ACTIVITY: Pictures excluded, reproduce exactly the lines below from the one with "TOYOTA NOAH 2015" through the one with "إزاى تعبر عن", both included.

THE INPUT:

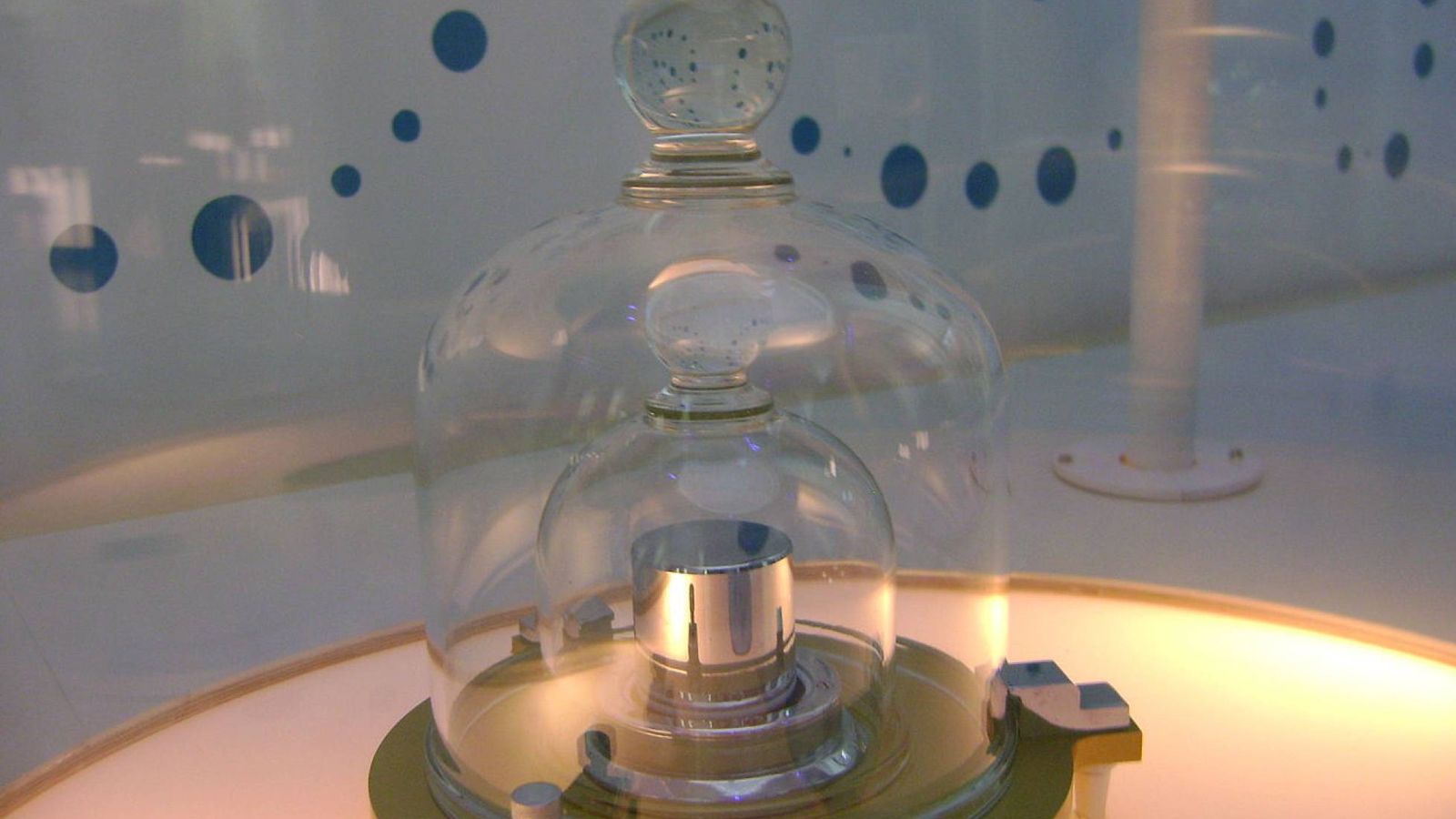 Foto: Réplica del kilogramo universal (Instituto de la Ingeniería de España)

--

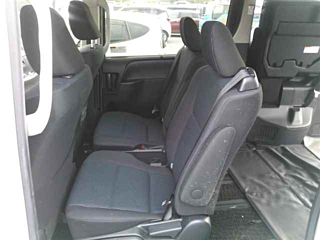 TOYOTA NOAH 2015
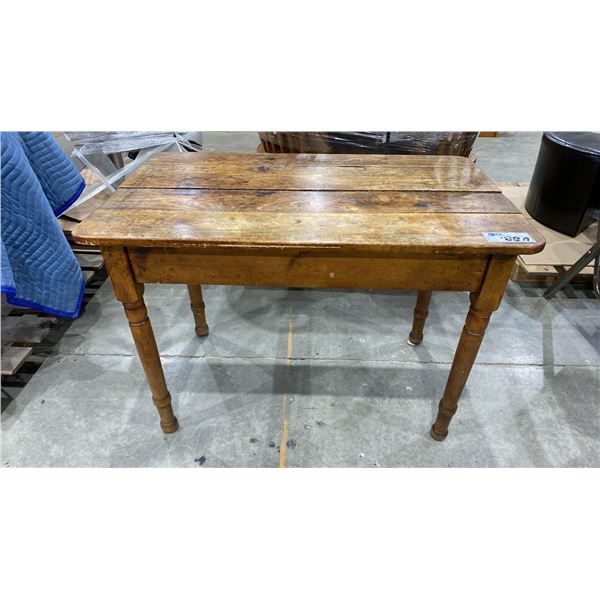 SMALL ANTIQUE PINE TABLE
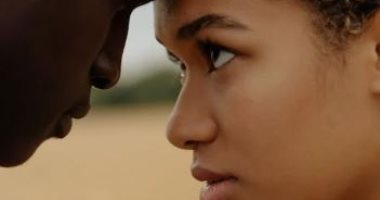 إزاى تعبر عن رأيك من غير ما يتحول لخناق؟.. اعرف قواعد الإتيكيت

---

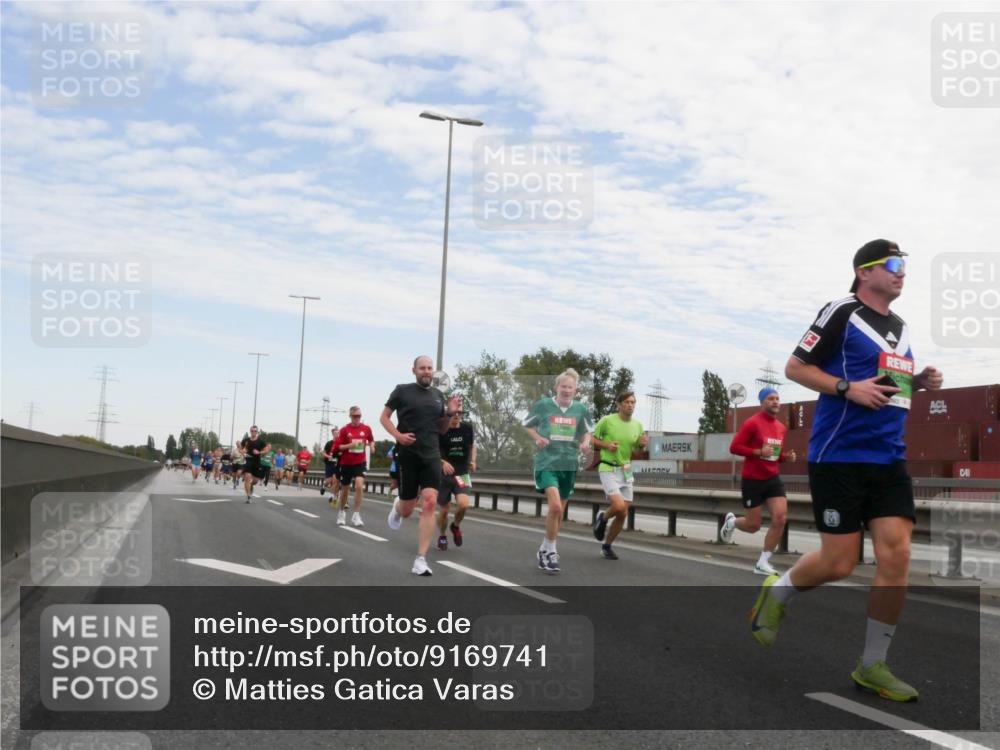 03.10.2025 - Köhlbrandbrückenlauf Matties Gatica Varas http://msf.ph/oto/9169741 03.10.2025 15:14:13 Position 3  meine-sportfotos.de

RESPONSE AREA:
 TOYOTA NOAH 2015
 SMALL ANTIQUE PINE TABLE
 إزاى تعبر عن رأيك من غير ما يتحول لخناق؟.. اعرف قواعد الإتيكيت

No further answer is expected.